= Your instructions =
The lines from the one holding "Apartamento à venda no Gonzaga: Wc social" to the final line of the listing below are to be duplicated exactly, with both ends included and pictures omitted.

= Data =
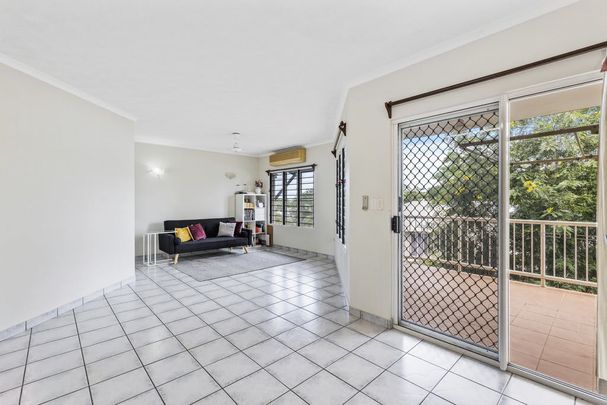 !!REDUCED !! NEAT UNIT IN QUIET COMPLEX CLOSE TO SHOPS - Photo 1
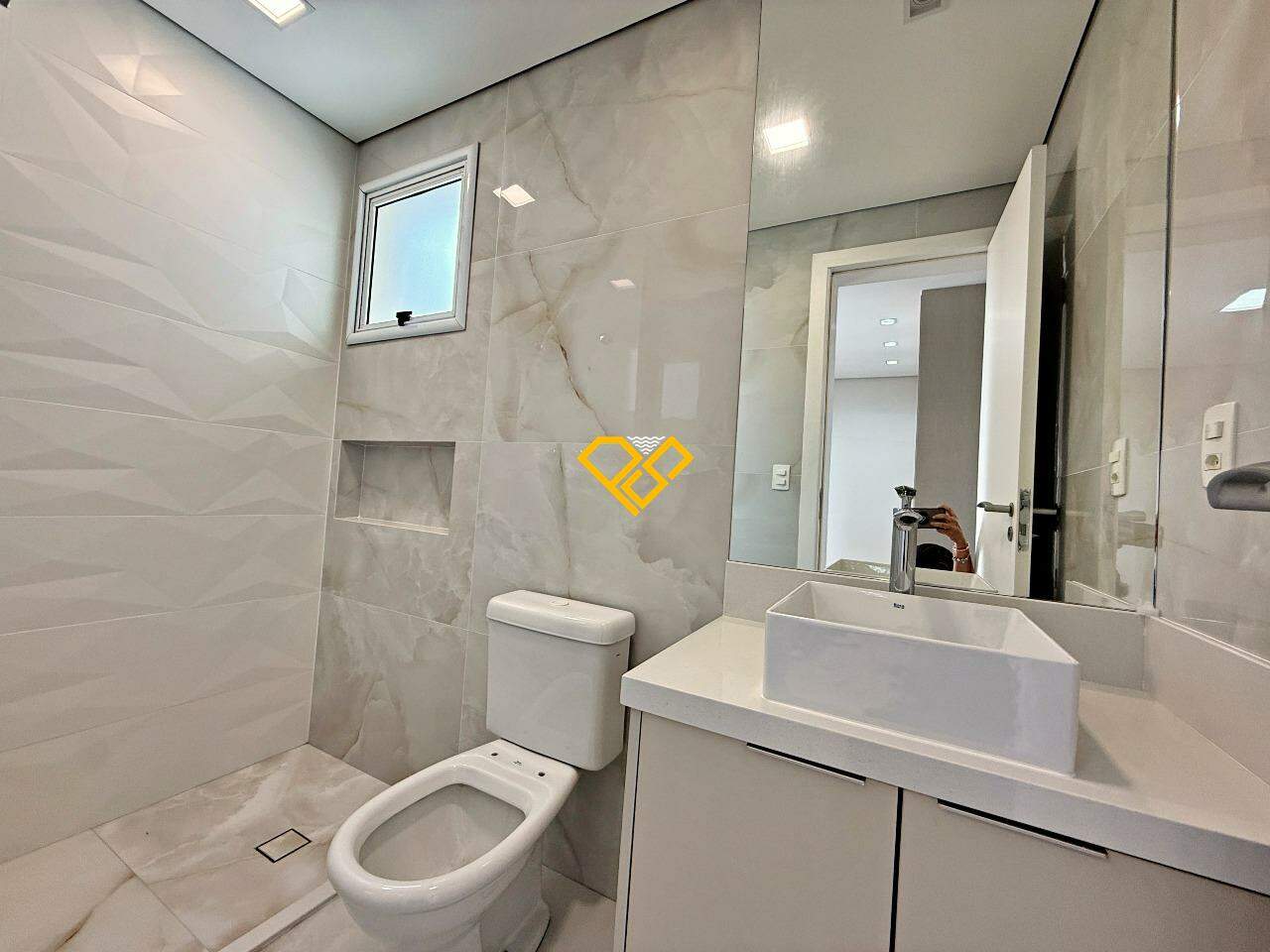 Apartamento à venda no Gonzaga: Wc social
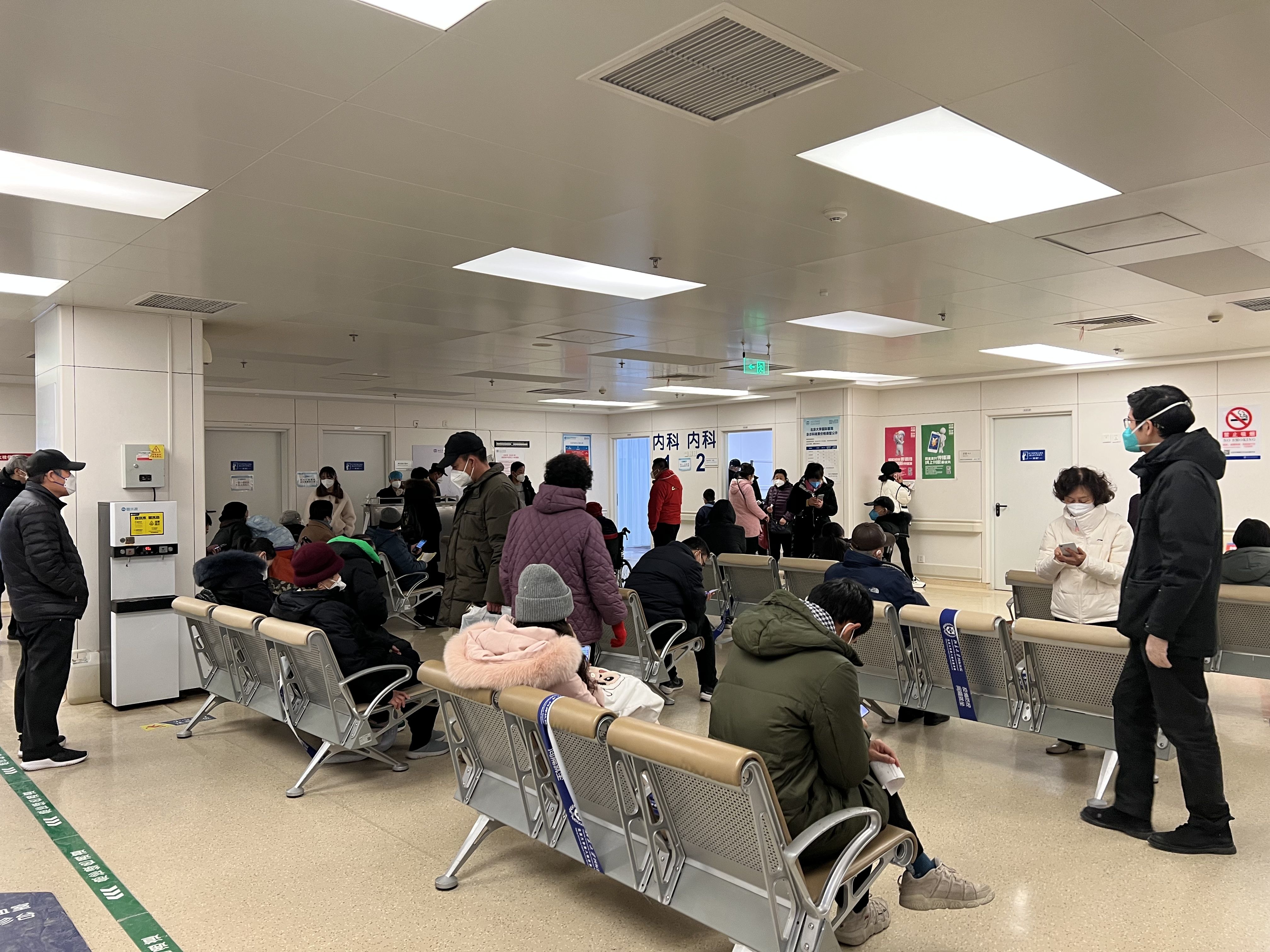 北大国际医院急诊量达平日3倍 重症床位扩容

= Response =
 Apartamento à venda no Gonzaga: Wc social
 北大国际医院急诊量达平日3倍 重症床位扩容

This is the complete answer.